There are very few measures within Four Spirits that gives the piano soloist a moments rest, and a great deal calls for either extremes of dynamics or a wide palette of color. Yang was indefatigable in meeting every unconventional demand of Chen’s frequently dense score. Her power was evident in the descending, thundering fff chords she tossed off before the strings took up a sweeping wave of sound suggestive of the first movement’s dragon. This movement featured lots of repeated keyboard treble doodling. Strings often played extended stretches of very high harmonics. The second movement had a dark and ominous atmosphere. The third movement featured Yang with independent hands repeatedly approaching the middle of the keyboard. Low strings executed Bartók or snap pizzicatos in which strings are snapped loudly against their fingerboards. At one point, Yang conjured up the eerie sound of a child’s toy piano.

Considering Chen’s extensive use of massed brass and percussion, including a wide selection of gongs, the orchestra only covered the piano briefly in the last three movements. The concertmaster had a fine solo in the third movement. From time to time clarinets and oboes played in their highest registers evoking the sound of non-western instruments. Conductor Yu kept close co-ordination between Yang and the orchestra achieving miraculous balancing between them.

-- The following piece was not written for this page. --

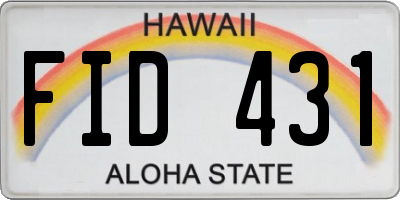 HI license plate FID431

The frequently performed Symphony No. 5 in D minor, Op. 47 by Dmitri Shostakovich (1906-75) was an ideal vehicle to judge the quality of this relatively young orchestra. After Shostakovich had a precipitous fall from political grace after a critic (likely Joseph Stalin) condemned his opera Lady Macbeth of the Mtsensk (1936) as “muddle instead of music,” he lost much of his livelihood and lived with a suitcase packed in case he was packed off to Siberia or worse. Many of his greatest works, his quartets and his Fourth Symphony, were consigned to the desk drawer to await Stalin’s passing. The extraordinary public reception of Shostakovich’s Fifth Symphony in 1937 marked a turning point in his career. Like many of his works, the symphony can be heard on two levels: on one as a glorification of “Socialist Realism,” on another as mockery of the same tyrannical ideal. It is in four movements. The long slow opening movement builds to a huge climax. The following Scherzo recalls Mahler at his most grotesque. The extraordinary Largo gradually builds in intensity and has a marvelous middle section full of melody. All the stops are pulled out for the brutal intensity of the Finale.

Yu led his disciplined and skilled musicians in a profound and probing interpretation of the symphony well within current performing tradition. Orchestra balance and musical line were beautifully controlled. Rhythms were vital. Shostakovich gives all principal players solos, and every member rose to the challenge brilliantly. Among them were the sweetly played violin of the concertmaster, solo cello, flute, oboe, bassoon and contrabassoon, French horn, harps, and percussion – not the least, the brilliant, powerful timpanist. The third movement Largo was played finer than I can ever recall hearing it.

An enthusiastic and sustained standing ovation led Yu to perform an encore, “The Enchanted Night,” a lovely folk tune transcription for strings alone.